## What you will do
Please write the listing below out again exactly, leaving every picture behind.

## Data below
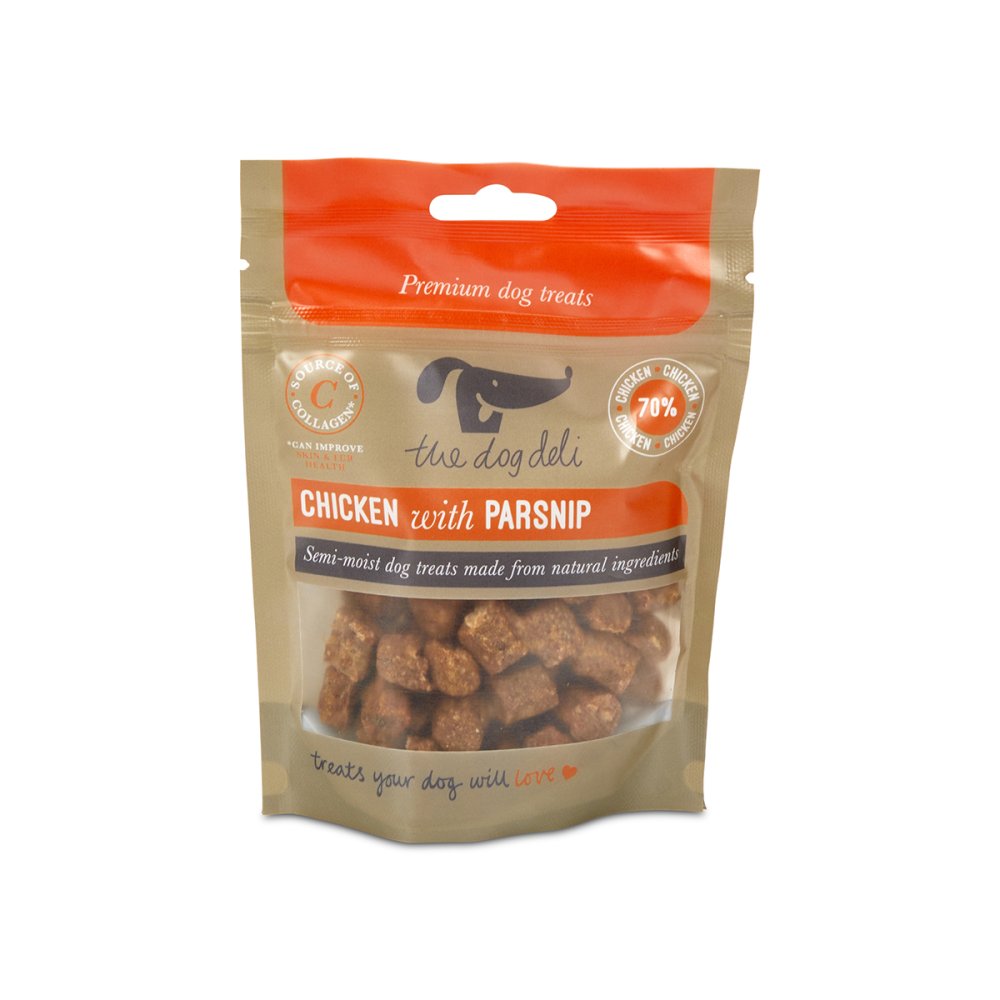 Package of 'The Dog Deli' chicken with parsnip dog treats on a white background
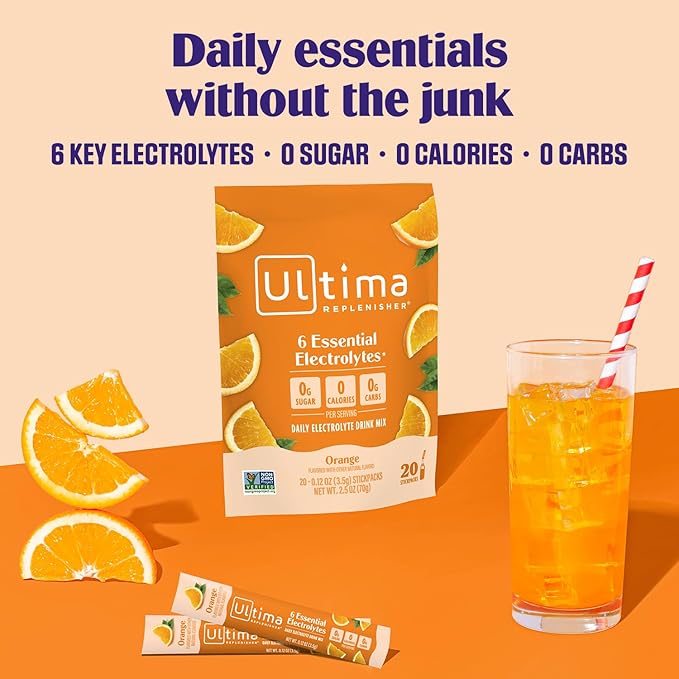 Ultima Replenisher Daily Electrolyte Powder – Orange, 20 Stickpacks – Zero Sugar Hydration Packets with 6 Electrolytes and Minerals – Sugar Free, Plant Based & Keto Friendly Drink Mix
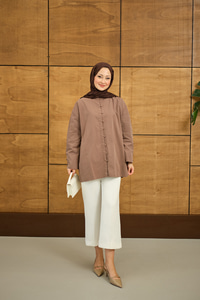 Kol Manşetli Düğme Detaylı Gömlek Kahverengi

## Expected output
 Package of 'The Dog Deli' chicken with parsnip dog treats on a white background
 Ultima Replenisher Daily Electrolyte Powder – Orange, 20 Stickpacks – Zero Sugar Hydration Packets with 6 Electrolytes and Minerals – Sugar Free, Plant Based & Keto Friendly Drink Mix
 Kol Manşetli Düğme Detaylı Gömlek Kahverengi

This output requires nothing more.